*Problem details*
Every line of the data is to be reproduced exactly.

Stored entries

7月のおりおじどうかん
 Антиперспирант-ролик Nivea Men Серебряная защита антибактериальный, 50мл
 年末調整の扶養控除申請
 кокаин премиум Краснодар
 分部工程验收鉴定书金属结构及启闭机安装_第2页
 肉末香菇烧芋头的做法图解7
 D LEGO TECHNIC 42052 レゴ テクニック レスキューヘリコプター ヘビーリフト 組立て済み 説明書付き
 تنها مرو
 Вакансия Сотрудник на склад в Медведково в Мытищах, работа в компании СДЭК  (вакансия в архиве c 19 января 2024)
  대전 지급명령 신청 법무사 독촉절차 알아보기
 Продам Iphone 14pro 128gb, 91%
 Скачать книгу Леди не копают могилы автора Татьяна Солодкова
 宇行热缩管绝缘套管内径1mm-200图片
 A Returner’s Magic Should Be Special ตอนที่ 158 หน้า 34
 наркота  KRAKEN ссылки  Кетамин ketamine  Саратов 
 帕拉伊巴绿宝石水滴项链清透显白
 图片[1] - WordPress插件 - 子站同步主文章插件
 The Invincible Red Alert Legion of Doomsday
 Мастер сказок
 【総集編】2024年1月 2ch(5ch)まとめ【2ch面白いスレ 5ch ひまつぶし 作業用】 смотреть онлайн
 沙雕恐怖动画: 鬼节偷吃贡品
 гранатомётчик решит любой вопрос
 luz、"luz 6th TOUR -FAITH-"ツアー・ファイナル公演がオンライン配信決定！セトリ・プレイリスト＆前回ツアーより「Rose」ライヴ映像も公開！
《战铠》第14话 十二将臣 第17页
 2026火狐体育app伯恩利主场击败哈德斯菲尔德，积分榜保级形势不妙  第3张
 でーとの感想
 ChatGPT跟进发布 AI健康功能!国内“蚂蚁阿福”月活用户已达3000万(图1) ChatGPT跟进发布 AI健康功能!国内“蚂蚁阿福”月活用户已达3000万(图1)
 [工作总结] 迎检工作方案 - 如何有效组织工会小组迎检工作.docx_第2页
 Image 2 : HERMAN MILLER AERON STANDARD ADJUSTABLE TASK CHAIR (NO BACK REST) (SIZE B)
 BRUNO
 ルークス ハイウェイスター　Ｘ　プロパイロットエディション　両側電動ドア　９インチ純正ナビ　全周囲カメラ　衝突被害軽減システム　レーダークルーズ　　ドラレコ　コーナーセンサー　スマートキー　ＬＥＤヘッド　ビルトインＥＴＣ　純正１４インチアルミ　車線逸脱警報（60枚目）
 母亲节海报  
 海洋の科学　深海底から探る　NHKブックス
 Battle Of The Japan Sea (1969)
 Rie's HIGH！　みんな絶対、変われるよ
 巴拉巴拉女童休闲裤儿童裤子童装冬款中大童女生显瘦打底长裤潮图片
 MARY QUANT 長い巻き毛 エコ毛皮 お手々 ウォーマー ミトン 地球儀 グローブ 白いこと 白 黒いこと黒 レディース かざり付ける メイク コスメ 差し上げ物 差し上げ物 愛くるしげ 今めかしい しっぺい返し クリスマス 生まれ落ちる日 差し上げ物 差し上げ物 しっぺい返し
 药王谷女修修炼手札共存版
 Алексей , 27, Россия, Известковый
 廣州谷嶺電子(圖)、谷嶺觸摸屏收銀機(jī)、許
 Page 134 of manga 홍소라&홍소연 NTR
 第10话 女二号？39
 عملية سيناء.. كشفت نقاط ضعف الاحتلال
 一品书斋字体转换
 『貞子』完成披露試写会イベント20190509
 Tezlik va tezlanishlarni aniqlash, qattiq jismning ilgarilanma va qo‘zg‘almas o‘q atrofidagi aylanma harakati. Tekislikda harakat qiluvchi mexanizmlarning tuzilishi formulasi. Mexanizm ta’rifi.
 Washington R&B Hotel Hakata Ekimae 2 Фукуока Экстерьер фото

*Solution*
7月のおりおじどうかん
 Антиперспирант-ролик Nivea Men Серебряная защита антибактериальный, 50мл
 年末調整の扶養控除申請
 кокаин премиум Краснодар
 分部工程验收鉴定书金属结构及启闭机安装_第2页
 肉末香菇烧芋头的做法图解7
 D LEGO TECHNIC 42052 レゴ テクニック レスキューヘリコプター ヘビーリフト 組立て済み 説明書付き
 تنها مرو
 Вакансия Сотрудник на склад в Медведково в Мытищах, работа в компании СДЭК  (вакансия в архиве c 19 января 2024)
  대전 지급명령 신청 법무사 독촉절차 알아보기
 Продам Iphone 14pro 128gb, 91%
 Скачать книгу Леди не копают могилы автора Татьяна Солодкова
 宇行热缩管绝缘套管内径1mm-200图片
 A Returner’s Magic Should Be Special ตอนที่ 158 หน้า 34
 наркота  KRAKEN ссылки  Кетамин ketamine  Саратов 
 帕拉伊巴绿宝石水滴项链清透显白
 图片[1] - WordPress插件 - 子站同步主文章插件
 The Invincible Red Alert Legion of Doomsday
 Мастер сказок
 【総集編】2024年1月 2ch(5ch)まとめ【2ch面白いスレ 5ch ひまつぶし 作業用】 смотреть онлайн
 沙雕恐怖动画: 鬼节偷吃贡品
 гранатомётчик решит любой вопрос
 luz、"luz 6th TOUR -FAITH-"ツアー・ファイナル公演がオンライン配信決定！セトリ・プレイリスト＆前回ツアーより「Rose」ライヴ映像も公開！
《战铠》第14话 十二将臣 第17页
 2026火狐体育app伯恩利主场击败哈德斯菲尔德，积分榜保级形势不妙  第3张
 でーとの感想
 ChatGPT跟进发布 AI健康功能!国内“蚂蚁阿福”月活用户已达3000万(图1) ChatGPT跟进发布 AI健康功能!国内“蚂蚁阿福”月活用户已达3000万(图1)
 [工作总结] 迎检工作方案 - 如何有效组织工会小组迎检工作.docx_第2页
 Image 2 : HERMAN MILLER AERON STANDARD ADJUSTABLE TASK CHAIR (NO BACK REST) (SIZE B)
 BRUNO
 ルークス ハイウェイスター　Ｘ　プロパイロットエディション　両側電動ドア　９インチ純正ナビ　全周囲カメラ　衝突被害軽減システム　レーダークルーズ　　ドラレコ　コーナーセンサー　スマートキー　ＬＥＤヘッド　ビルトインＥＴＣ　純正１４インチアルミ　車線逸脱警報（60枚目）
 母亲节海报  
 海洋の科学　深海底から探る　NHKブックス
 Battle Of The Japan Sea (1969)
 Rie's HIGH！　みんな絶対、変われるよ
 巴拉巴拉女童休闲裤儿童裤子童装冬款中大童女生显瘦打底长裤潮图片
 MARY QUANT 長い巻き毛 エコ毛皮 お手々 ウォーマー ミトン 地球儀 グローブ 白いこと 白 黒いこと黒 レディース かざり付ける メイク コスメ 差し上げ物 差し上げ物 愛くるしげ 今めかしい しっぺい返し クリスマス 生まれ落ちる日 差し上げ物 差し上げ物 しっぺい返し
 药王谷女修修炼手札共存版
 Алексей , 27, Россия, Известковый
 廣州谷嶺電子(圖)、谷嶺觸摸屏收銀機(jī)、許
 Page 134 of manga 홍소라&홍소연 NTR
 第10话 女二号？39
 عملية سيناء.. كشفت نقاط ضعف الاحتلال
 一品书斋字体转换
 『貞子』完成披露試写会イベント20190509
 Tezlik va tezlanishlarni aniqlash, qattiq jismning ilgarilanma va qo‘zg‘almas o‘q atrofidagi aylanma harakati. Tekislikda harakat qiluvchi mexanizmlarning tuzilishi formulasi. Mexanizm ta’rifi.
 Washington R&B Hotel Hakata Ekimae 2 Фукуока Экстерьер фото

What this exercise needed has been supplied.